What needs to be done: From the first line of the material below to the line containing "MZ-MS003 | Wholesale", repeat every line exactly and add nothing.

Input for this task:
>>>>
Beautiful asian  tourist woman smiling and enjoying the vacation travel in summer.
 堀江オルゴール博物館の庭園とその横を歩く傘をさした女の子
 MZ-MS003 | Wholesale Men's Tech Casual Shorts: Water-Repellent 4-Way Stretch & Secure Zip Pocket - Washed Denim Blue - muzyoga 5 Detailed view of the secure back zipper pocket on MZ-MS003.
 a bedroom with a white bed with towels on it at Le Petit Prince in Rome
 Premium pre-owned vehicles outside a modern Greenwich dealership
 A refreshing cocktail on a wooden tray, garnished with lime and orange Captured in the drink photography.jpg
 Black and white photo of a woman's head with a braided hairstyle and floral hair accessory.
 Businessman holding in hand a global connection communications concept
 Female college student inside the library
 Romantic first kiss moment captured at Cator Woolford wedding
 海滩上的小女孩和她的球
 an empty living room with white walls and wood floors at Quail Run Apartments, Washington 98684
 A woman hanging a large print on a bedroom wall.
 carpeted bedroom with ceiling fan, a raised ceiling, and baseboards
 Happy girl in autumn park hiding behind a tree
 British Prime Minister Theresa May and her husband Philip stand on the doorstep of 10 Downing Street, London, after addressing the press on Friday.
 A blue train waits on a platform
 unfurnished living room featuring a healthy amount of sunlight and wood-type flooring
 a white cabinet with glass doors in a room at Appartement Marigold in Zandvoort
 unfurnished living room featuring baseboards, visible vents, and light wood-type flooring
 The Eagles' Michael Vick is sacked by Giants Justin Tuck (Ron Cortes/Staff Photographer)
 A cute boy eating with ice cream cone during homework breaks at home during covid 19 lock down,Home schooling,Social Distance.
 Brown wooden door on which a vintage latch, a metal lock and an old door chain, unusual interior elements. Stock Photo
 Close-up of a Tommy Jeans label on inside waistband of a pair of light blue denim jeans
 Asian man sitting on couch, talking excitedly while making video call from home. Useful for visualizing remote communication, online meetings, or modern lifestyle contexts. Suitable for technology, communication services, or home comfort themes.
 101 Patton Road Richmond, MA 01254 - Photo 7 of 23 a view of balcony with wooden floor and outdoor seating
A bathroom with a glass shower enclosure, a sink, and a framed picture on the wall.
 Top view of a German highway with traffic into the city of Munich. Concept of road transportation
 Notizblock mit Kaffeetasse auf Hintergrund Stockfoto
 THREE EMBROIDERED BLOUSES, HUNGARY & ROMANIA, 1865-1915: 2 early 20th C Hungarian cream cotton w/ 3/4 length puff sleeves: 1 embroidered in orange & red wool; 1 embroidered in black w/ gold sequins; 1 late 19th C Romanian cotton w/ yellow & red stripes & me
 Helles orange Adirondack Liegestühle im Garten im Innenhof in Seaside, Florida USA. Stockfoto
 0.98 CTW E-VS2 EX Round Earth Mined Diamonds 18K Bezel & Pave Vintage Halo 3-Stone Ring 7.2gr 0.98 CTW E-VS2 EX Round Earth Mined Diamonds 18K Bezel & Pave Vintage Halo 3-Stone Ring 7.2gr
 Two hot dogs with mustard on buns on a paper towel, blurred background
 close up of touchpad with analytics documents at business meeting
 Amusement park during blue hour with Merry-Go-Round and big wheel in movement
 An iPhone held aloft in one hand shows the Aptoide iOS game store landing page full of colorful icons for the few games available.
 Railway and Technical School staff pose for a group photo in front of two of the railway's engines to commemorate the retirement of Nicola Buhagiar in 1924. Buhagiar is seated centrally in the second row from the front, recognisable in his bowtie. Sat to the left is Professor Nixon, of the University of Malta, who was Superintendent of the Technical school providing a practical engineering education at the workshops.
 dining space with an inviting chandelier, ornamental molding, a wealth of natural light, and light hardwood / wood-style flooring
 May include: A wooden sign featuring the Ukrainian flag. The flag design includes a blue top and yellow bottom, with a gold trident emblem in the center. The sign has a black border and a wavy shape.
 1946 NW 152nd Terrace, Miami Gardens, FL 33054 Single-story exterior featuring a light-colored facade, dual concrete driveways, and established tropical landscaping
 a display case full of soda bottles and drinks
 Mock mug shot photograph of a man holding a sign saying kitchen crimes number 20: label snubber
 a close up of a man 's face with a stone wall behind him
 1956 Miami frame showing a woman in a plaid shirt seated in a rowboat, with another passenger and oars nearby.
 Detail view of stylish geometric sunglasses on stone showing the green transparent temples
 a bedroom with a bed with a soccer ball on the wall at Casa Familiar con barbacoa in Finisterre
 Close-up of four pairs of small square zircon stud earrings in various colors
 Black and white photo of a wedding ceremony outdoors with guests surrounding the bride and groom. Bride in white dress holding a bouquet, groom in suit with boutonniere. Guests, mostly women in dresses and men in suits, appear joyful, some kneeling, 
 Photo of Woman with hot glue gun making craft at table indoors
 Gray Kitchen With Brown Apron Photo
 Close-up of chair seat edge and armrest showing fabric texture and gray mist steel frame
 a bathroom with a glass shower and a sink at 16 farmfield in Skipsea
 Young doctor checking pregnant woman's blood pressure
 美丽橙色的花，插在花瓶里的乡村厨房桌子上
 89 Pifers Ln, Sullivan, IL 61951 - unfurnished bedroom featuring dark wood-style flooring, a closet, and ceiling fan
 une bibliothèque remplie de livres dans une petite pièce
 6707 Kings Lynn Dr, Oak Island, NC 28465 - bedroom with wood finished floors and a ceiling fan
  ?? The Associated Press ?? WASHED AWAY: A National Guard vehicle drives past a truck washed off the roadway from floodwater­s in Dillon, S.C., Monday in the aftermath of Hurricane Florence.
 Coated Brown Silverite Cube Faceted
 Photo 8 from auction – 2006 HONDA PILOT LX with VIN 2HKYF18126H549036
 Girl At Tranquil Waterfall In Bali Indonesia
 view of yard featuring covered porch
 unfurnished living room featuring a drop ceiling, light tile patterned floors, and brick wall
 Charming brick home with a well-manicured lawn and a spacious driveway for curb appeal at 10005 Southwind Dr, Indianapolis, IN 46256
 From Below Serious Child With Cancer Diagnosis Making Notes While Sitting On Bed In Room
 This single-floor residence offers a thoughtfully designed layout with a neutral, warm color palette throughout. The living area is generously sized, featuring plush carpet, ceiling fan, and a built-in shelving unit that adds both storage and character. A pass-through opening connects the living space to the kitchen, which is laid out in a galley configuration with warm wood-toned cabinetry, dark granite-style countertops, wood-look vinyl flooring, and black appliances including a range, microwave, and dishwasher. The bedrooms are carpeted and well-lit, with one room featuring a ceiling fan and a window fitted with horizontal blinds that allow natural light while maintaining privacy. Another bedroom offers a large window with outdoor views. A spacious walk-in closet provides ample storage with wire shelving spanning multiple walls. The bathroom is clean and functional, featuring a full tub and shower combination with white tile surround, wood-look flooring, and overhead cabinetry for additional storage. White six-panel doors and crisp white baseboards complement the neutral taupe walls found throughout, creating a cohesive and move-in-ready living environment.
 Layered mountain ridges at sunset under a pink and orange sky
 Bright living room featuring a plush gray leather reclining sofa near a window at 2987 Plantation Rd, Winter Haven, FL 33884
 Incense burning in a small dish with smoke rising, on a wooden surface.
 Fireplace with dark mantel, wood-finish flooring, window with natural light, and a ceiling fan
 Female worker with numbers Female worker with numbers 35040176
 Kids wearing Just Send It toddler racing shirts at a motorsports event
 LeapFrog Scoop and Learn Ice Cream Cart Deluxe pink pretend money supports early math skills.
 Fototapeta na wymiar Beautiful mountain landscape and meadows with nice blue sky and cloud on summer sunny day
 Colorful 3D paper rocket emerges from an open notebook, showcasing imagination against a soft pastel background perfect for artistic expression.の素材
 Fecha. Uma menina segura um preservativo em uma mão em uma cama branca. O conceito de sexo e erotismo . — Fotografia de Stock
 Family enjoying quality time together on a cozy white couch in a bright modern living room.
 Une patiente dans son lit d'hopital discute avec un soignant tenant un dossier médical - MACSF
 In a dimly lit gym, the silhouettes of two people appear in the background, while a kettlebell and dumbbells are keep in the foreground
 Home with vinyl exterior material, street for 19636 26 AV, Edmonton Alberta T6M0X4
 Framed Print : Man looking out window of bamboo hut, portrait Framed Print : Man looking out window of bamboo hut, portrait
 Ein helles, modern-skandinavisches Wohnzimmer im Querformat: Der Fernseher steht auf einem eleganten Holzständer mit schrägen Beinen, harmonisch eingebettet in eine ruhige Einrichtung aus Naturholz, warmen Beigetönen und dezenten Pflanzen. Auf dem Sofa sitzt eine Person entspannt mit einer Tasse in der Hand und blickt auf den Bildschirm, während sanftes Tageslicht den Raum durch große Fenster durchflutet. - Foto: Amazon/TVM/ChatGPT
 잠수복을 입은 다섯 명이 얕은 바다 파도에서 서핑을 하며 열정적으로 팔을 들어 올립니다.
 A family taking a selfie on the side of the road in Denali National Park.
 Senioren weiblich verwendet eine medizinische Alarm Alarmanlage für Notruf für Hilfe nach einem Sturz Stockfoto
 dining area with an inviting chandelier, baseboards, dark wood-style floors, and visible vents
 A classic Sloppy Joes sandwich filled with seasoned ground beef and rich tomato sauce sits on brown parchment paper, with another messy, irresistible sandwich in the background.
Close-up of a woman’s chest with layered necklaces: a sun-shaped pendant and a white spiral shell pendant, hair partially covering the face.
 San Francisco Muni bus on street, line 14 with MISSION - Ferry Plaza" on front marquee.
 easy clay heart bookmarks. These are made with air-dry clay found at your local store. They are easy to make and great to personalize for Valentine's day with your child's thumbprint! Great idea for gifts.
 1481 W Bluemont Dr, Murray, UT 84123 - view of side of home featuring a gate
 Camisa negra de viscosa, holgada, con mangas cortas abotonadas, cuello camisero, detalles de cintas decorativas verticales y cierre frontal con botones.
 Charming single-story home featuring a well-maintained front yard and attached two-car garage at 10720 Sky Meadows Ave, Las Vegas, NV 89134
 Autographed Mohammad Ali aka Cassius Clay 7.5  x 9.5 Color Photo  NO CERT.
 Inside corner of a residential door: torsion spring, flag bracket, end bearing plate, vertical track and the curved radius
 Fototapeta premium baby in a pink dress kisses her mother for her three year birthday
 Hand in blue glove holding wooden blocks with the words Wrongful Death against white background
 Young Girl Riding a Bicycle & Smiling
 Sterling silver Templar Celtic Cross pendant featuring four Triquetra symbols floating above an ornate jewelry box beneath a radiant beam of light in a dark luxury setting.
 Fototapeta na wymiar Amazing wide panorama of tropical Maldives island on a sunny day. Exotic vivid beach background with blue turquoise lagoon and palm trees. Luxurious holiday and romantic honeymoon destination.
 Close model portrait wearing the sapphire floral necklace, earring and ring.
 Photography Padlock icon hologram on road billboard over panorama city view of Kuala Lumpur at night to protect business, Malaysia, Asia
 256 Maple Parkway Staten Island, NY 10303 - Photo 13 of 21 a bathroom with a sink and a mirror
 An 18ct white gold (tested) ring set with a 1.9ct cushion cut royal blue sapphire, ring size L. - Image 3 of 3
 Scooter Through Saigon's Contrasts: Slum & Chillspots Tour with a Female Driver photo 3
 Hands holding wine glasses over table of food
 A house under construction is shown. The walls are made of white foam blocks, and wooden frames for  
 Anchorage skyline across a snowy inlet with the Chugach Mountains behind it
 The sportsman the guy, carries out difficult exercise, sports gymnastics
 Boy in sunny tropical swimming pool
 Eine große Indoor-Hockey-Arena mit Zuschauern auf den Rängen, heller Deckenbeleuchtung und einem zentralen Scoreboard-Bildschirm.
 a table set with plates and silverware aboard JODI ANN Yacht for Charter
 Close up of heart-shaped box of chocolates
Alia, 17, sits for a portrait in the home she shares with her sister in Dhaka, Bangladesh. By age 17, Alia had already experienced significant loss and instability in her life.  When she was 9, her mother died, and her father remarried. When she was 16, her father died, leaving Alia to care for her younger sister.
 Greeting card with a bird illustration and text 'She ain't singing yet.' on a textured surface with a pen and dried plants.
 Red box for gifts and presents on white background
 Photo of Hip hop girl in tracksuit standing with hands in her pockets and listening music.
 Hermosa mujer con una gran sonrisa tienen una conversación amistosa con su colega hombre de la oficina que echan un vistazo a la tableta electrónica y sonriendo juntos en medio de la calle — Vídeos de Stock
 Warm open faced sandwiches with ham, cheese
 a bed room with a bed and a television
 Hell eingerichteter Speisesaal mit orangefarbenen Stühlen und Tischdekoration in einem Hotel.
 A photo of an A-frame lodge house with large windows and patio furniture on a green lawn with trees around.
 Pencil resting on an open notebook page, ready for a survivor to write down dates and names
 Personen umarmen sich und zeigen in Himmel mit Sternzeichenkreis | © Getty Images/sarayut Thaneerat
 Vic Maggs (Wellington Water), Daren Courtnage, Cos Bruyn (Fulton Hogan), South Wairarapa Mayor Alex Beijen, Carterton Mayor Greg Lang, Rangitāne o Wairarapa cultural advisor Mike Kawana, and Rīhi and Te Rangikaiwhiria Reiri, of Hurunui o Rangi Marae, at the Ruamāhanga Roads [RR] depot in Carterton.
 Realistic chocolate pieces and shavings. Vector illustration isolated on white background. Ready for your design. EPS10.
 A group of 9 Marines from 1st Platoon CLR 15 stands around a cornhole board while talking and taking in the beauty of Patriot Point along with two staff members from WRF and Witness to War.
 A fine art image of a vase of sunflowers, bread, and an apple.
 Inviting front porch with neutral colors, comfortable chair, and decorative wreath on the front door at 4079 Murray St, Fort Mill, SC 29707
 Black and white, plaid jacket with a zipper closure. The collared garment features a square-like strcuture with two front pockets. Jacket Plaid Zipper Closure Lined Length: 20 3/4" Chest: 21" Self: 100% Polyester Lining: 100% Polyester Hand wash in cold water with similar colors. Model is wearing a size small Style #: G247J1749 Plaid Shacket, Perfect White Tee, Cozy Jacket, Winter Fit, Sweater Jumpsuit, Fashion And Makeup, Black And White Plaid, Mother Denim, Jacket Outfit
<<<<
Response box:
Beautiful asian  tourist woman smiling and enjoying the vacation travel in summer.
 堀江オルゴール博物館の庭園とその横を歩く傘をさした女の子
 MZ-MS003 | Wholesale Men's Tech Casual Shorts: Water-Repellent 4-Way Stretch & Secure Zip Pocket - Washed Denim Blue - muzyoga 5 Detailed view of the secure back zipper pocket on MZ-MS003.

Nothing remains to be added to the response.